The etiology is still not known, and a major divide still exists over funding for research and treatment of physiological versus psychological and psychosocial aspects of the illness. The division is especially great between ME patient groups and psychological and psychosocial treatment advocates in Great Britain.[118]

Government action

According to the opinion of three Belgian authors of a 2007 paper published in Neuroendocrinology Letters, in some countries it appears there is a political agenda to eliminate the scientific view that CFS is a medical disorder. They stated, the official acceptance of the condition would obviously mean the countries' health care systems would provide support for those patients, but if they are considered hypochondriacs, it becomes easier to deny them health care support.[121]
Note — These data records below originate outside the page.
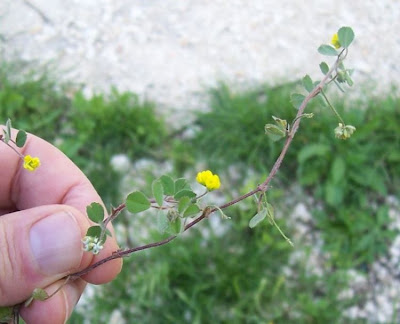 Medicago coronata,
Erba medica coronata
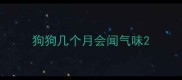 狗狗几个月会闻气味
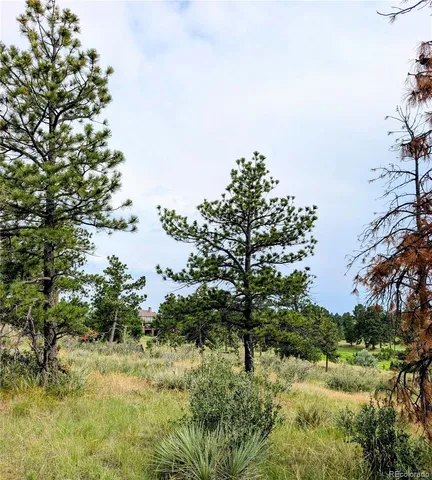 $525,000 | 11634 Bell Cross Circle, Parker, CO 80138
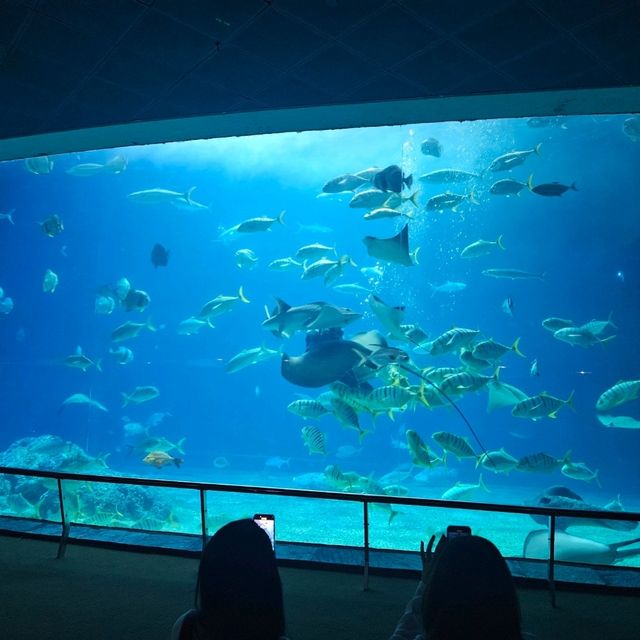 輕輕鬆鬆屏東墾丁四日三夜之旅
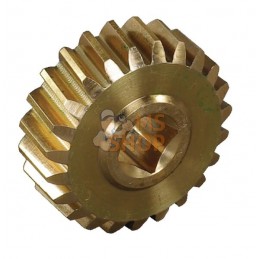 Pignon vis sans vin | AS-MOTOR Pignon vis sans vin | AS-MOTORPR#159592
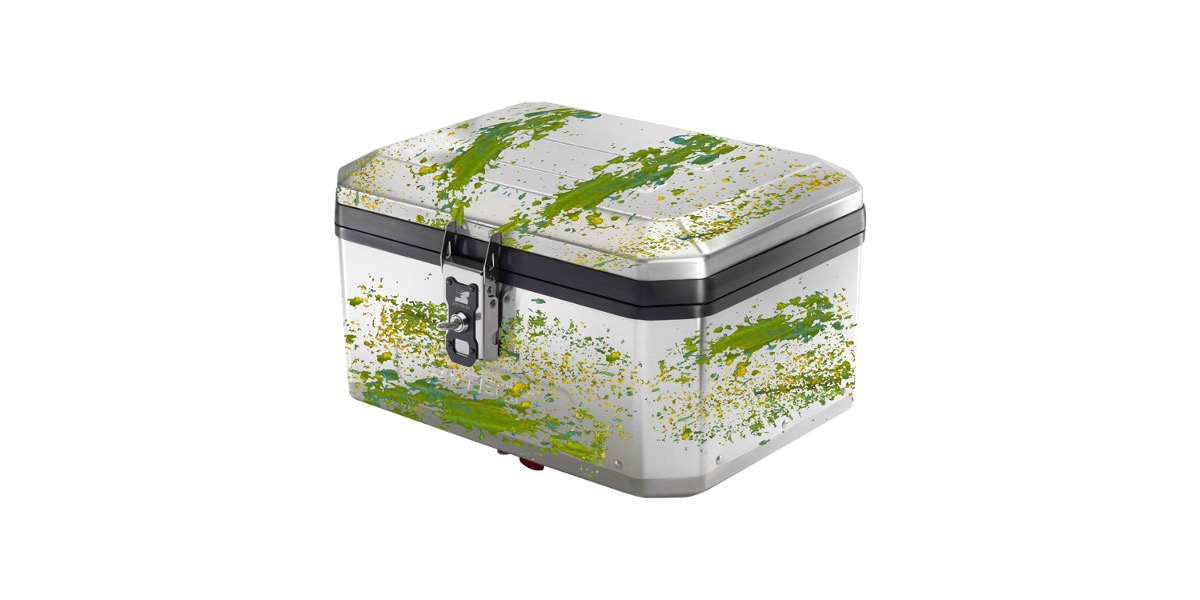 THE FREEDOM CASES-Cavalieri delle Nubi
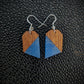 Blue Points Dangle Earrings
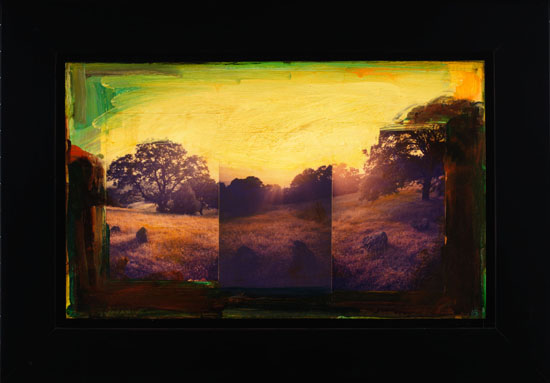 Diablo Memory / Black Oak, Sunset by David Bierk
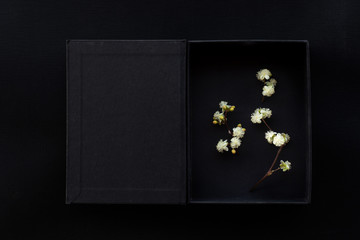 Fototapeta na wymiar nature white wild flower in luxury gift box on black background
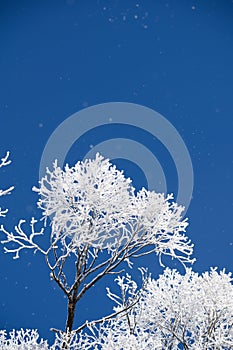 A frosted tree with lots of blue sky in the winter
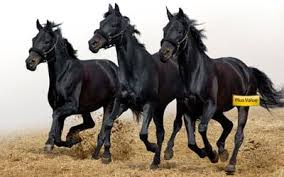 Buy Beautiful Black Running Horses Paintings Online In India Paintings As Per Vastu Shastra Feng Shu Horse Painting Animal Wallpaper Horse Wall Art Canvases
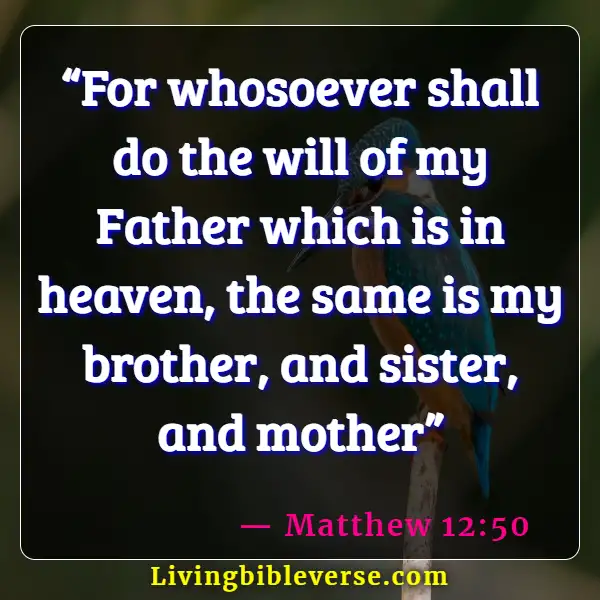 Bible Verses About Jesus Doing The Will Of The Father (Matthew 12:50)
US veterans with CFS/ME/FMS who have been diagnosed with chronic infections, cannot obtain adequate treatment for their condition. This lack of response due to a lack of effective programmes to assist veterans may ultimately be responsible for the transmission of the illness to non-veterans.[122]

Support for patients

Sufferers describe the struggle for healthcare and legitimacy due to bureaucratic denial of the condition because of its lack of a known etiology. Institutions maintain the exclusion of patient support by rhetorical arguments of the open-endedness of science to delay new findings of fact. Patient groups respond to the systematic nature of these exclusions by developing counter-arguments. This has resulted in an expensive and prolonged conflict for all involved.[123][113]

In 1998 it became known almost 13 million dollars for CFS research had been redirected or improperly accounted for by the United States CDC. The agency stated the need to respond to other public health emergencies. The director of a U.S. national patient advocacy group charged the CDC had a bias against studying the disease.[124]